A leveza tem a ver com confiança que, no trabalho de Teresa Carepo, se revela na exactidão dos materiais, ora encontrados, ora produzidos. Os materiais tomam posse de todo o sentido da escultura e as acções por eles empreendidas tomam parte numa linguagem sem qualquer adjectivação, daí a escultura de Teresa parecer aparentemente indecifrável. A sua arte põe em evidência a mudez própria dos materiais e coisas que não poderão ser ditas. Recusa o peso da ganga conceptual. Tal não significa que esta escultura não tenha força figurativa: uma gota, um vão, um exercício de ballet. Mas esse encantamento não obscurece o objecto.
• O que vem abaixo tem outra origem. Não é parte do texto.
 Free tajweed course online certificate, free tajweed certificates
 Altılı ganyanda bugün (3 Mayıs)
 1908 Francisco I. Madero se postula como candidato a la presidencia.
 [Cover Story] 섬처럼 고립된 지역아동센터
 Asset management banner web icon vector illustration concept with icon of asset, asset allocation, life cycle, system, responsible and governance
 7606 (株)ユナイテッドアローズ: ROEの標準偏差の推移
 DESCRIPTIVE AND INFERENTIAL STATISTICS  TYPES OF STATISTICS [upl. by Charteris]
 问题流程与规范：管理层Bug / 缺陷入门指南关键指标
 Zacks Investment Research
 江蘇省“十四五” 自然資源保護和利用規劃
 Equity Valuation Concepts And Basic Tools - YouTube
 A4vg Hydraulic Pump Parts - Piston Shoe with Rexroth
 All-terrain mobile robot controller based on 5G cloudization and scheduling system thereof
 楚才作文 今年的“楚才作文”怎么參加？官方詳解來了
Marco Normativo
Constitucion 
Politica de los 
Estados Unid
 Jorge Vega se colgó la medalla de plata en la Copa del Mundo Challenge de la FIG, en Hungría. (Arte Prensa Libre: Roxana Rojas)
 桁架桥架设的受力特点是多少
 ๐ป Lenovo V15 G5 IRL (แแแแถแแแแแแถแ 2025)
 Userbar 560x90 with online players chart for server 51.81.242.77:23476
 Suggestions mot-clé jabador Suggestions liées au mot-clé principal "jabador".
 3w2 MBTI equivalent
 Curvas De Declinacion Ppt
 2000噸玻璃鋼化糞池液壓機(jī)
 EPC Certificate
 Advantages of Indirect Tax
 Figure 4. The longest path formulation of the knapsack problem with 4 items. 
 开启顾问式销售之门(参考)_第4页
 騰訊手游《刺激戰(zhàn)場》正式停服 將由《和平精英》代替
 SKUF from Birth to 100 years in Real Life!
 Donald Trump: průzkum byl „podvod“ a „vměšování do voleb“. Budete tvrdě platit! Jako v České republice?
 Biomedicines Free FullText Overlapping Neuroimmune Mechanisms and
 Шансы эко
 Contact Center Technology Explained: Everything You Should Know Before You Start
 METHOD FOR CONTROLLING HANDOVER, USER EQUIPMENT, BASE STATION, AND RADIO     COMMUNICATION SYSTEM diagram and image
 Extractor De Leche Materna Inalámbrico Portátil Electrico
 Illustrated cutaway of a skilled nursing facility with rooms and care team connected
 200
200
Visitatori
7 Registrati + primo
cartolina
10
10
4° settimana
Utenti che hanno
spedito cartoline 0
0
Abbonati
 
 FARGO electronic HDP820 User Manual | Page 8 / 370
Nada é obscuro porque os elementos limitam-se a ser e a agir de modo natural: um tijolo, uma pedra, tecido, madeira, que seguram, levantam, empurram, encostam, envolvem. São sinais nas suas condições originárias a que nos habituámos a não reconhecer. Retornar a eles parte da disciplina de auto-reflexão. A indecifrabilidade da escultura de Teresa Carepo tem mais a ver com a nossa cegueira interpretativa do que da falta de sentido da obra. Os objectos insinuam-se, aliás, estão aí, diante de nós, na sua máxima visibilidade, expostos à nossa fome arqueológica que, na pesquisa dos sinais originários, reinicia o conto. Não é um defeito, nem um fracasso daquilo a que se chama modernidade, antes, é o reconhecimento da irresistibilidade do encantamento mágico da arte.